RDC : Le ministre de la Communication Patrick Muyaya félicité par JED après son Prix international de la liberté de la presse

Le ministre de la Communication et Médias, Patrick Muyaya Katembwe, a reçu ce lundi une délégation de l’ONG Journaliste en danger (JED), conduite par son président Tshivis Tshivuadi. Cette rencontre était consacrée à la présentation du rapport annuel 2025 de l’organisation ainsi qu’au compte rendu de la récente mission effectuée en Suède, où JED s’est vu décerner le prestigieux Prix de la liberté de la presse à Stockholm.

Cette audience intervient deux jours après la grande soirée officielle organisée à Kinshasa pour dévoiler le rapport annuel. Absence faite lors de l’événement en raison d’un déplacement à l’étranger, le ministre Muyaya a été présenté comme « un partenaire naturel » par Tshivis Tshivuadi, qui a souhaité lui exposer directement les conclusions du rapport et de la mission internationale.

Lors des échanges, le président de JED a souligné la portée du prix reçu à Stockholm, y voyant non pas l’aboutissement d’un parcours, mais « un encouragement » à poursuivre la défense de la liberté de la presse en République démocratique du Congo.

« Ce prix consacre le travail accompli depuis plusieurs années, mais il nous rappelle surtout que les défis restent nombreux », a expliqué Tshivuadi, insistant sur la nécessité de consolider un environnement médiatique libre et sécurisé. Il a rappelé que, pour relever les défis futurs, JED continuerait à solliciter « l’appui et l’accompagnement » du ministre.

La délégation de JED s’est félicitée de l’ouverture manifestée par le ministre Muyaya envers les initiatives visant à renforcer les médias congolais, dans un contexte que l’organisation qualifie de « phase de normalisation ».

« Nous entrons dans une nouvelle phase, celle de la paix.

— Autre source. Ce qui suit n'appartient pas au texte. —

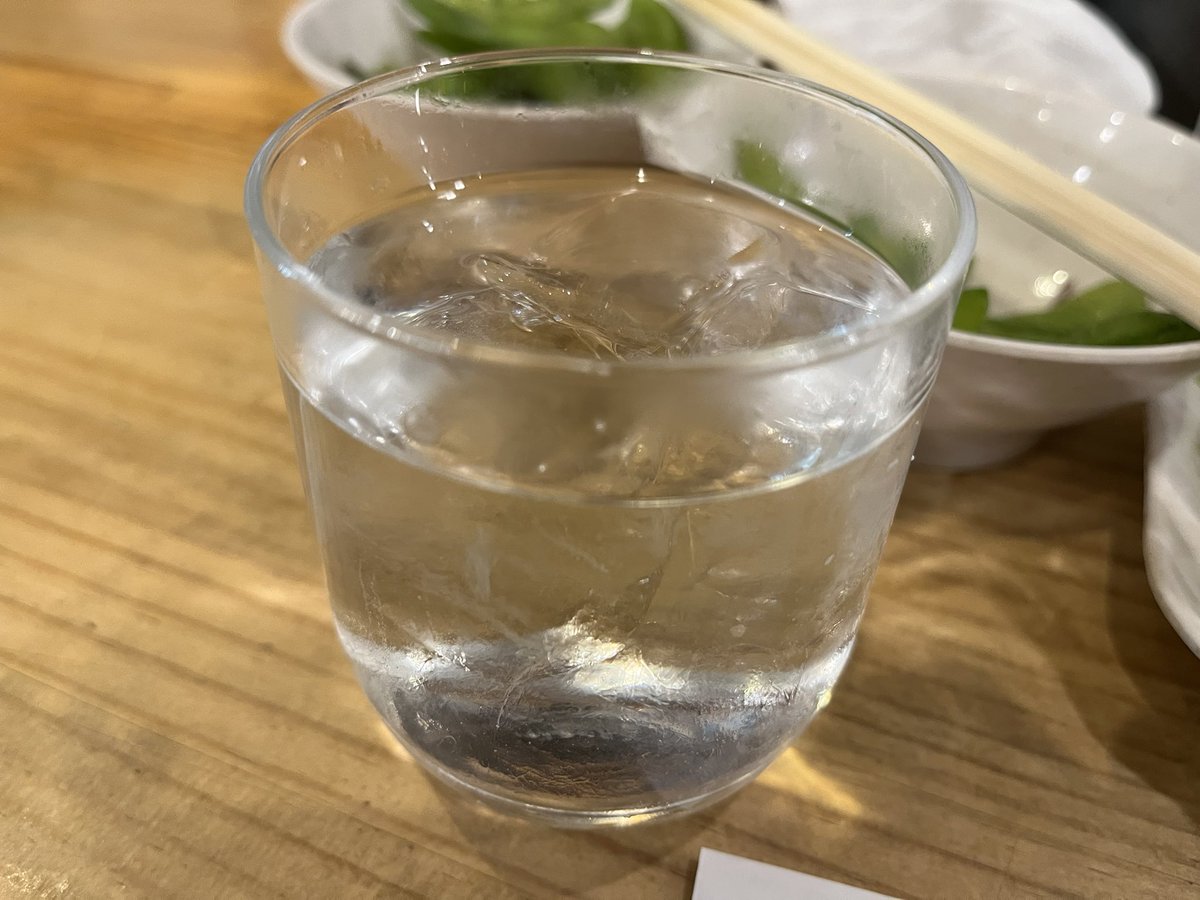 yukinmk's tweet photo. お冷じゃなくて焼酎(黒霧島)のロックです。このタップリ感。たまりません。2杯目！

カウンターで一人呑みしてるんだけど後方にグラブーさんが大勢祝杯あげててとても賑やか😊 https://t.co/rw9dl8o20p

Les médias doivent accompagner les processus en cours pour restaurer la sécurité et l’autorité de l’État », a déclaré Tshivuadi, soulignant l’importance d’un journalisme capable de promouvoir la cohésion et d’éviter l’escalade des tensions.

Revenant sur certaines interprétations jugées déformées de son rapport annuel, JED a insisté sur la précision de ses données.

« Notre rapport se focalise sur l’Est du pays, où se concentrent 80 % des attaques, atteintes et assassinats de journalistes », a rappelé Tshivuadi.
Il a dénoncé « des crimes de guerre graves commis contre la presse » dans des zones contrôlées par des groupes armés, estimant que l’insécurité persistante à l’Est demeure le principal obstacle à la protection des professionnels des médias.

Tshivis Tshivuadi a enfin salué la résilience de JED, active depuis 27 ans malgré des ressources financières limitées. Il a toutefois appelé à un engagement plus fort des autorités congolaises :
« L’essentiel de nos financements provient de l’extérieur. Il est temps que cette mission, menée pour le Congo et pour les journalistes congolais, soit reconnue et soutenue de l’intérieur. »

La rencontre s’est conclue sur une volonté affichée de renforcer la collaboration entre JED et le ministère de la Communication, dans un contexte où la protection des journalistes et la promotion d’une presse professionnelle restent des enjeux clés pour la stabilité nationale.